---- DATA SEGMENT

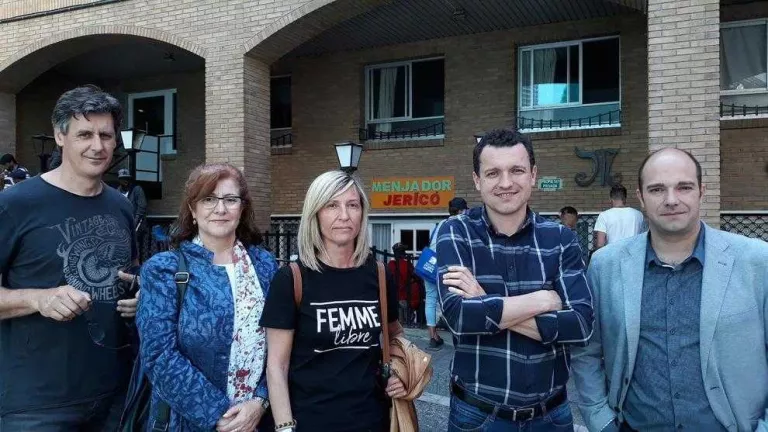 Òscar Ordeig i Raúl Moreno van visitar ahir el menjador Jericó.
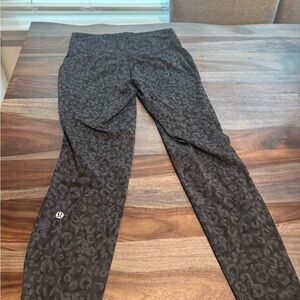 Lululemon Black Leopard Wundertrain leggings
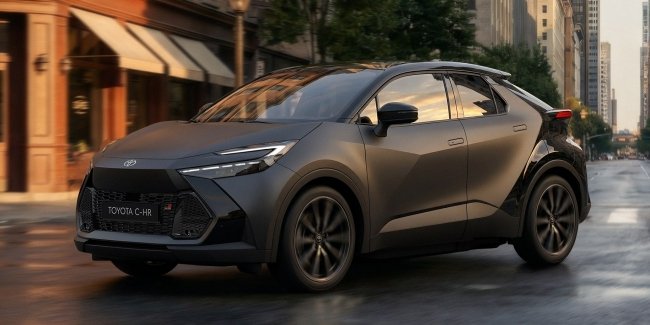 Toyota C-HR GR Sport ������� 10-����� ����� ���������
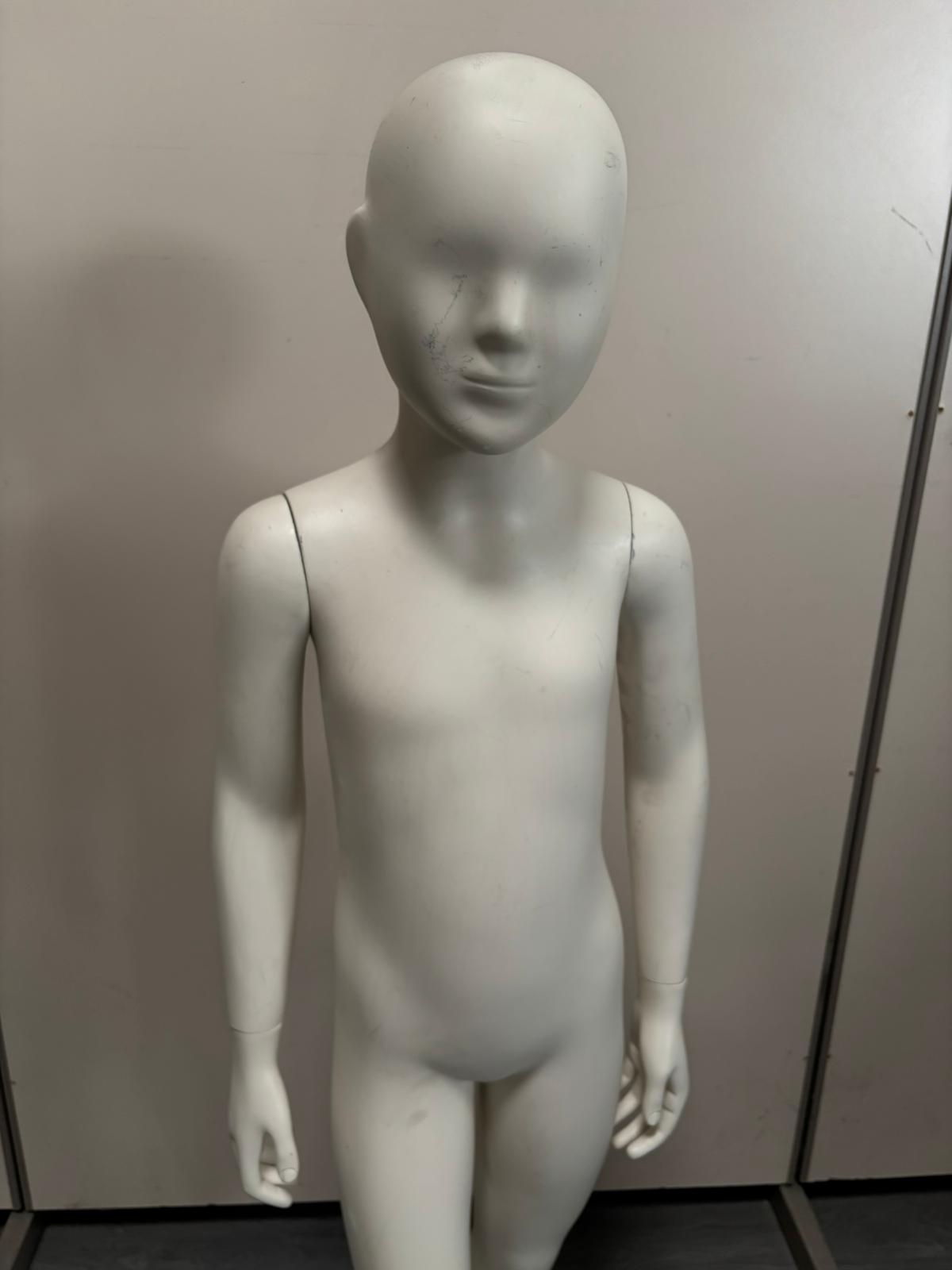 Mannequin enfant complet sur socle métallique – 7 à 8 ans – fibre de verre blanc mat – H130 cm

--------

WHAT YOU HAVE TO DO — Please output the listing above in full, exactly as given, without its images.

WORKED SOLUTION —
 Òscar Ordeig i Raúl Moreno van visitar ahir el menjador Jericó.
 Lululemon Black Leopard Wundertrain leggings
 Toyota C-HR GR Sport ������� 10-����� ����� ���������
 Mannequin enfant complet sur socle métallique – 7 à 8 ans – fibre de verre blanc mat – H130 cm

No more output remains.